A hesitant start to trading in Asian markets is on the cards today ahead of tonight’s meeting of the Fed and the release early tomorrow morning of the long expected statement from the US central bank, plus updated economic forecasts and chair Janet Yellen’s quarterly media conference.
The markets took their lead from the Bank of Japan’s decision to sit on its existing policy of a huge spending campaign and a partial negative deposit rate, despite downgrading its view of the Japanese economy.
The Reserve Bank of Australia confirmed it was sitting and watching the local economy, and that meant no change to interest rates.
The RBA is more confident about the economy, and that spooked the dollar into falling sharply – an odd move given the central bank didn’t tell us anything we didn’t already know from speeches and statements from bank officials in the last month.
Markets are still dealing with last Thursday’s collection of policy moves from the European Central Bank, so the Bank of Japan was always seen as not doing very much at its two day meeting this week.
And after the confusion caused by the move to partial negative deposit rates on January 29, the Bank of Japan’s circumspection was expected, and the Fed tonight however is expected to be more expansive.
So a rate rise is not expected tomorrow morning, but the Fed will make the timing of future rate rises clearer, thereby giving markets more certainty, for the time being.
Our market will start basically flat this morning, but will have to contend with a near 5% slide in global iron ore prices yesterday and last night to $US52.88 a tonne – well under the $US63.74 a tonne peak hit a week ago last Monday.
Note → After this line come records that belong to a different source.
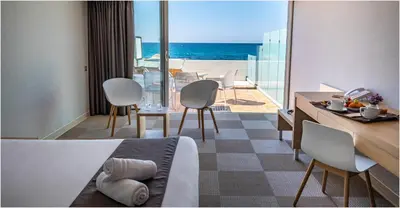 a hotel room with a view of the ocean at Hôtel Cala di Sole in Ajaccio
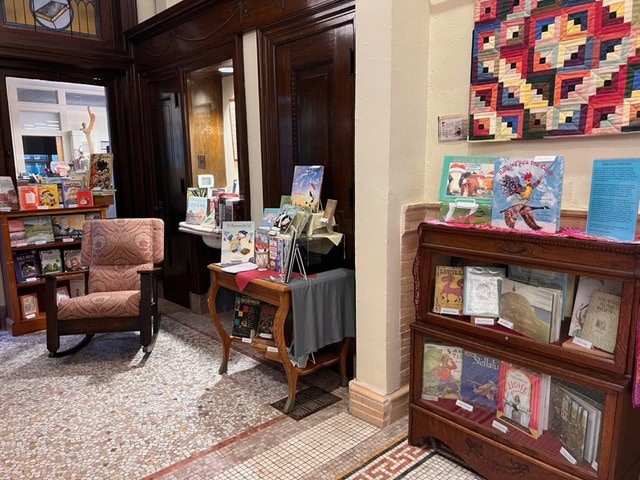 a reading area in a library with a cushioned chair, wooden shelves displaying books, a side table with more books, and a colorful quilt hanging on the wall.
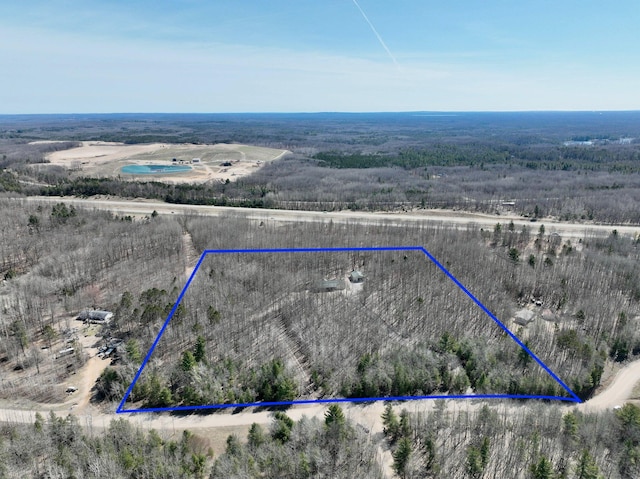 birds eye view of property featuring a rural view
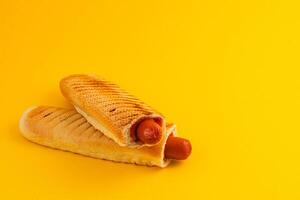 Hot dog wrapped in toasted bread on bright yellow background photo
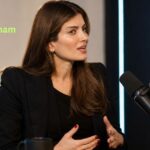 Laila Cunningham speaking during a studio podcast interview in a dark blazer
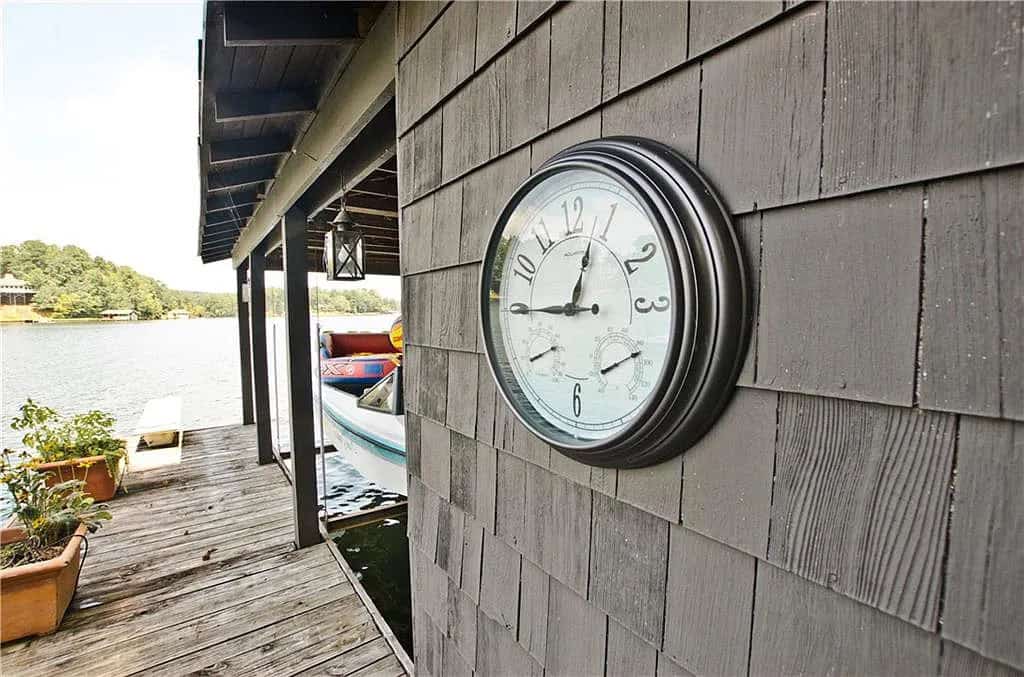 rustic lake house exterior boat house exterior with a wall clock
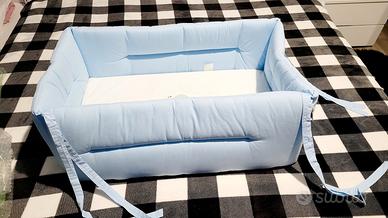 Riduttore per lettino neonato.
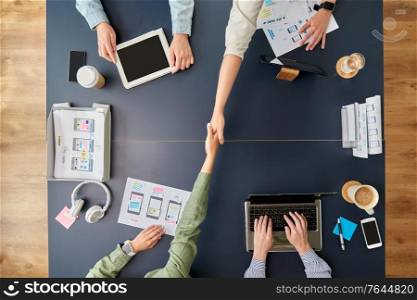 business, people and team work concept - team of startuppers with gadgets and papers makes handshake at office table. business team makes handshake at office table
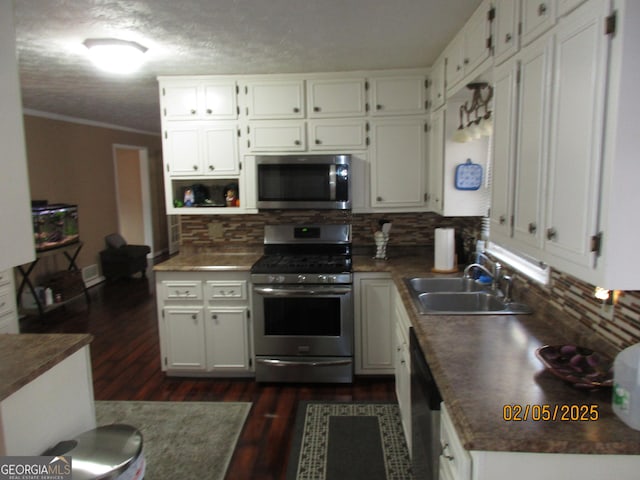 5848 Navarre Ct, Stone Mountain, GA 30087 - kitchen featuring appliances with stainless steel finishes, dark wood-type flooring, backsplash, white cabinets, and ornamental molding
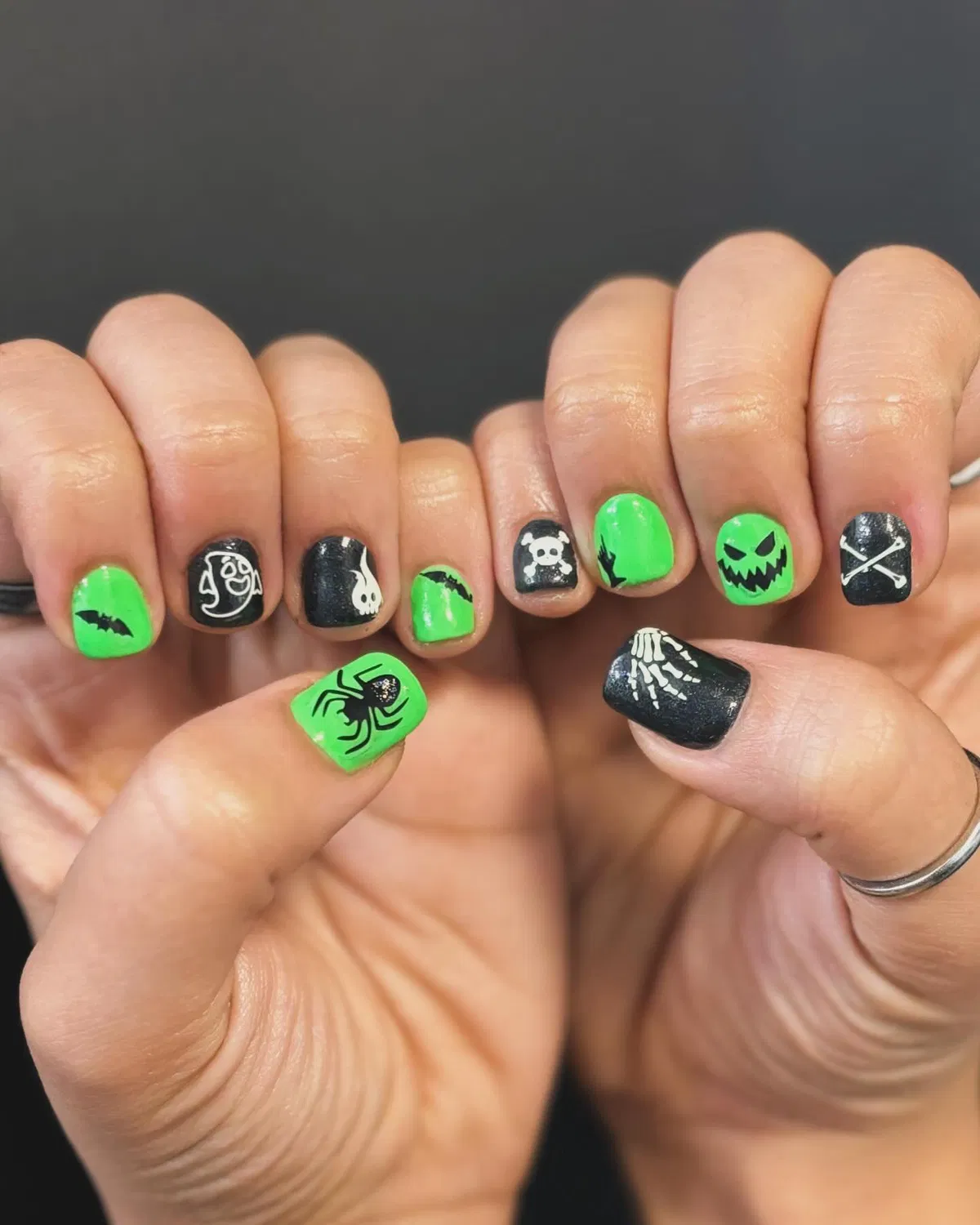 Short green-and-black icons with skulls and spider details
That’s a drop of more than 16%.
Gold fell 0.9%, while copper prices also weakened.
The Aussie dollar was trading around 74.50 this morning from the most recent peak on Tuesday of 75.80 US cents.
On Wall Street, the S&P 500 ended 3.71 points, or 0.2%, lower at 2,015.94, while the Nasdaq finished 21.61 points, or 0.5%, lower at 4,728.67. The Dow closed higher, gaining 21.92 points, or 0.1%, to 17,251.12.
European markets fell across the board as oil prices weakened, and there were similar falls in Asia.
Australia’s ASX 200 ended down 1.4%, a nasty fall, Korea’s Kospi lost 0.1%. Tokyo fell 0.6%, but the Shanghai Composite Index closed up up 0.2%. Hong Kong’s Hang Seng Index went the other way, falling 0.7%.